*THE TASK*.
Go to the line that contains "this 640×480 image." and transcribe from there to the end of the entries, that line and the last one included.

★ ★ ★ ★ ★ ★ ★

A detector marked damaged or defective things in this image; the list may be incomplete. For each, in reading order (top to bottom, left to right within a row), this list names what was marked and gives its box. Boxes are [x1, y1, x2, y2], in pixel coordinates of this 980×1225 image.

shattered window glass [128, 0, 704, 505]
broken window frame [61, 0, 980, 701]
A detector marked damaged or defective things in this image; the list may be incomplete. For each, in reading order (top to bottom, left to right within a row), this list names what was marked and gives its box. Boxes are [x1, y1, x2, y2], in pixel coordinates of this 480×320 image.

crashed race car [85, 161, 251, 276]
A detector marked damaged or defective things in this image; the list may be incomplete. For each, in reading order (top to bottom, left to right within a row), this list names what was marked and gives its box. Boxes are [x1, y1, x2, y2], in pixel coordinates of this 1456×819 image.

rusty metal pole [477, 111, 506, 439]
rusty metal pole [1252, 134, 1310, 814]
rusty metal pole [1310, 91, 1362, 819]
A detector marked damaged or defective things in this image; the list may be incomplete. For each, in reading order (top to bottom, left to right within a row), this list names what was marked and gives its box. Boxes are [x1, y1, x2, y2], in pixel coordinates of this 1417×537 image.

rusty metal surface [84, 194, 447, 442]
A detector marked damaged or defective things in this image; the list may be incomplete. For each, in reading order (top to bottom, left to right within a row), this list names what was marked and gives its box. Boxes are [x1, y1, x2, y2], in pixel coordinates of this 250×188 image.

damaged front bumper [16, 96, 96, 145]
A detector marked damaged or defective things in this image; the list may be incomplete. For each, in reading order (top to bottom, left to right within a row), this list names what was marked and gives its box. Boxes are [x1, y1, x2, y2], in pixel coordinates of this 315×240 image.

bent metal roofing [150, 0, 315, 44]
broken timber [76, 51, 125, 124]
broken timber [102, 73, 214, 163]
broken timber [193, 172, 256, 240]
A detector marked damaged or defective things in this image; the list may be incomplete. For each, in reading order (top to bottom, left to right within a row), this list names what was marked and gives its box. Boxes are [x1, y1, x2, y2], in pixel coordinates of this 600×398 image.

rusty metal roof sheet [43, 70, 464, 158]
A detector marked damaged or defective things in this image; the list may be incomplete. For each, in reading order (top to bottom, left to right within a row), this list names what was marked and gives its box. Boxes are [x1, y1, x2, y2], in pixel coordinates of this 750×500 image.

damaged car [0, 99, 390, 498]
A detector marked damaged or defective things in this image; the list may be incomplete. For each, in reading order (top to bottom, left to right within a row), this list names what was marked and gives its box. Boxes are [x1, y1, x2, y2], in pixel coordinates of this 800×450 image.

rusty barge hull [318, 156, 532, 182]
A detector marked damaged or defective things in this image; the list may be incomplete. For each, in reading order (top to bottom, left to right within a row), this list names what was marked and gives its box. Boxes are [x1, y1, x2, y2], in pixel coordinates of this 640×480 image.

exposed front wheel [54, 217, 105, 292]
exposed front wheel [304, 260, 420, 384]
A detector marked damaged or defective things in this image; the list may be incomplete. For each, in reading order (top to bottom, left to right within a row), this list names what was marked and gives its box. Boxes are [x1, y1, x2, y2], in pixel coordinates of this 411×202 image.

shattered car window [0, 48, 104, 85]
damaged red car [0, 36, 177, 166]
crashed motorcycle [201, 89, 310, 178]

★ ★ ★ ★ ★ ★ ★

*EXERCISE SOLUTION*.
A detector marked damaged or defective things in this image; the list may be incomplete. For each, in reading order (top to bottom, left to right within a row), this list names what was marked and gives its box. Boxes are [x1, y1, x2, y2], in pixel coordinates of this 640×480 image.

exposed front wheel [54, 217, 105, 292]
exposed front wheel [304, 260, 420, 384]
A detector marked damaged or defective things in this image; the list may be incomplete. For each, in reading order (top to bottom, left to right within a row), this list names what was marked and gives its box. Boxes are [x1, y1, x2, y2], in pixel coordinates of this 411×202 image.

shattered car window [0, 48, 104, 85]
damaged red car [0, 36, 177, 166]
crashed motorcycle [201, 89, 310, 178]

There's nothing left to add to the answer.